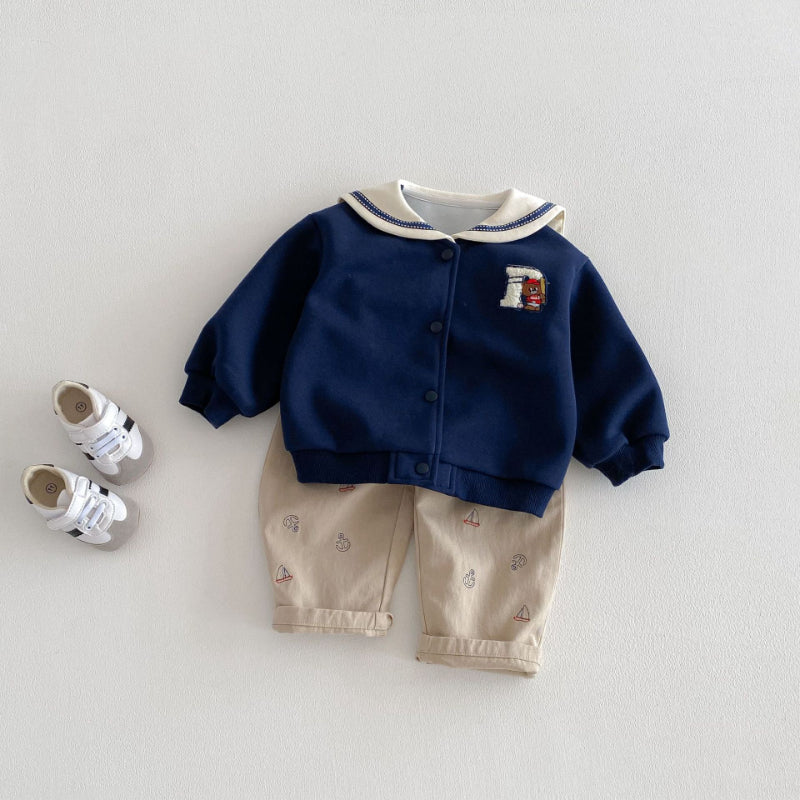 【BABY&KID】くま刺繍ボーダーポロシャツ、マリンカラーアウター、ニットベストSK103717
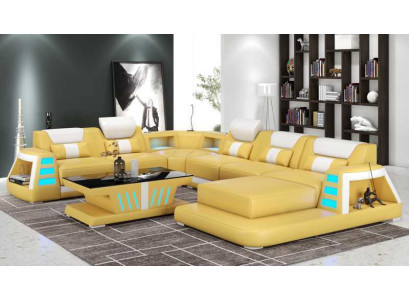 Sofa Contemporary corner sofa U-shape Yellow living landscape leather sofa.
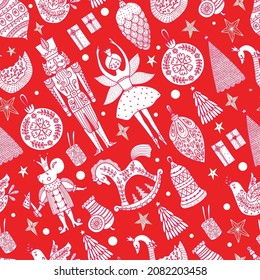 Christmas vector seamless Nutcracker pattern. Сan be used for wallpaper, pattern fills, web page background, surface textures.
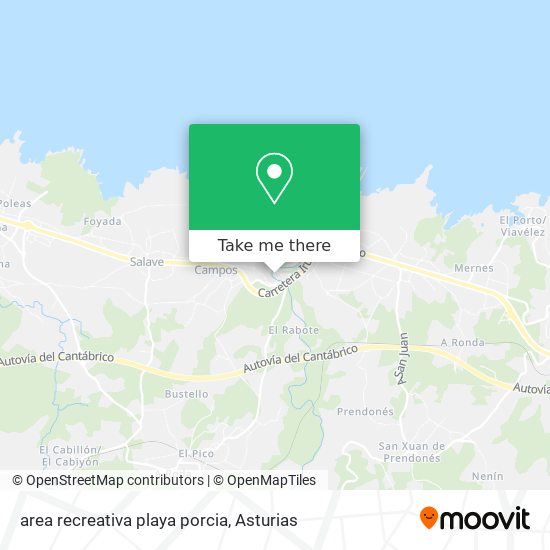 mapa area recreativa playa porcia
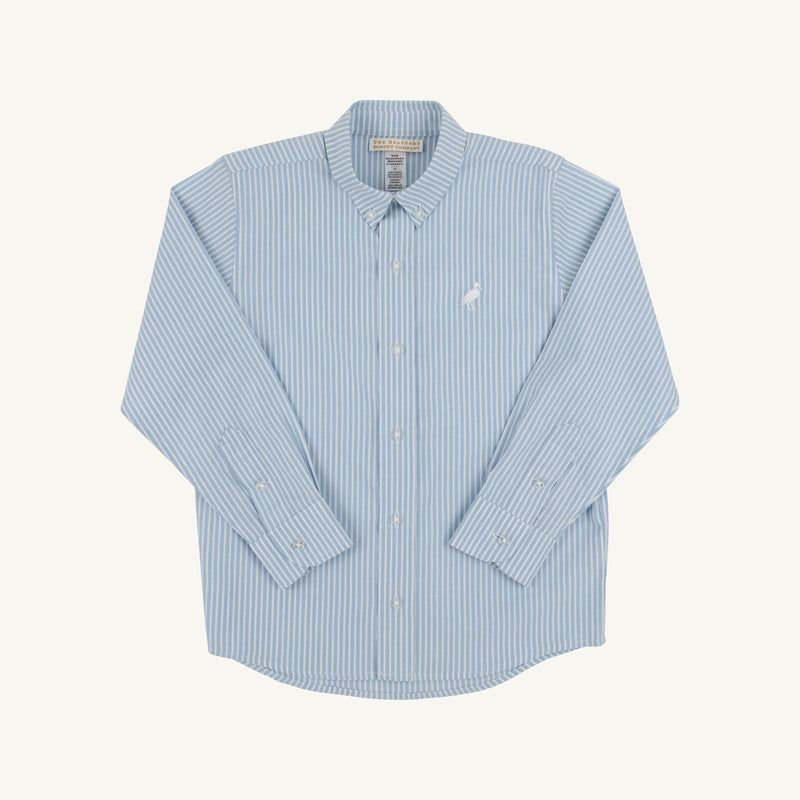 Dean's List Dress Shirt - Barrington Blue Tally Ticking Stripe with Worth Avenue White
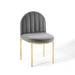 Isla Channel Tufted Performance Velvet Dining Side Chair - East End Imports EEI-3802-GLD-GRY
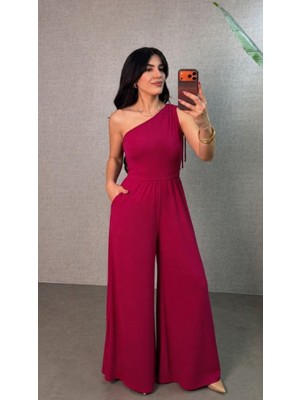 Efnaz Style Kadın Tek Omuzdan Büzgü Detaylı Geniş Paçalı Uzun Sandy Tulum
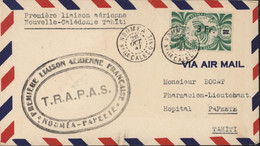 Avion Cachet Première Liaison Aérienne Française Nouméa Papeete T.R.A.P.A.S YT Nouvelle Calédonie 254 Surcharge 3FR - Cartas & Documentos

....

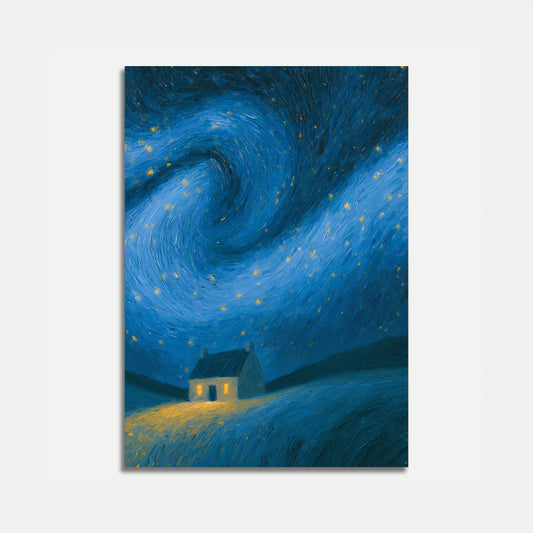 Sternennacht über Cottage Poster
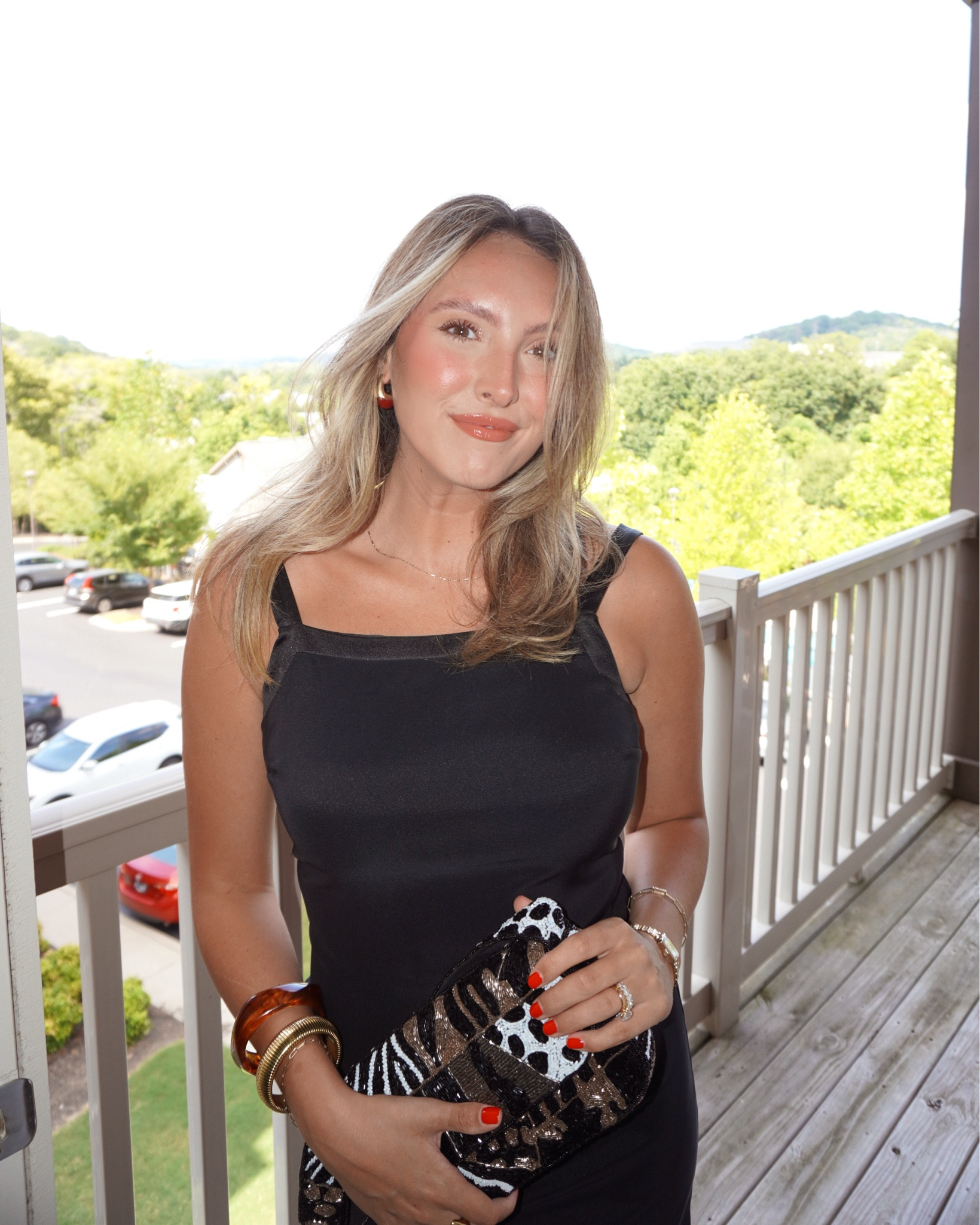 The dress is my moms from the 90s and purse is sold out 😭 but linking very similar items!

....

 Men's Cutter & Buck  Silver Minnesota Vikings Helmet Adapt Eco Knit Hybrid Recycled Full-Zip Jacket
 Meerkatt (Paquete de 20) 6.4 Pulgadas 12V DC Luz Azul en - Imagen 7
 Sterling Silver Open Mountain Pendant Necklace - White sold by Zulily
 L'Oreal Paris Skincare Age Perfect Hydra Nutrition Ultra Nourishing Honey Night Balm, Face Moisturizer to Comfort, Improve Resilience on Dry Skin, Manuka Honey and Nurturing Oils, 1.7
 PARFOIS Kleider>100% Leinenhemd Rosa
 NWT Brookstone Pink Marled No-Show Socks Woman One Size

....

> **TASK PROMPT**: In the listing above, find the line with "Sofa Contemporary corner" and the line with "mapa area recreativa playa porcia". Transcribe those two and everything between, exactly, leaving out pictures.

> **EXERCISE SOLUTION**:
 Sofa Contemporary corner sofa U-shape Yellow living landscape leather sofa.
 Christmas vector seamless Nutcracker pattern. Сan be used for wallpaper, pattern fills, web page background, surface textures.
 mapa area recreativa playa porcia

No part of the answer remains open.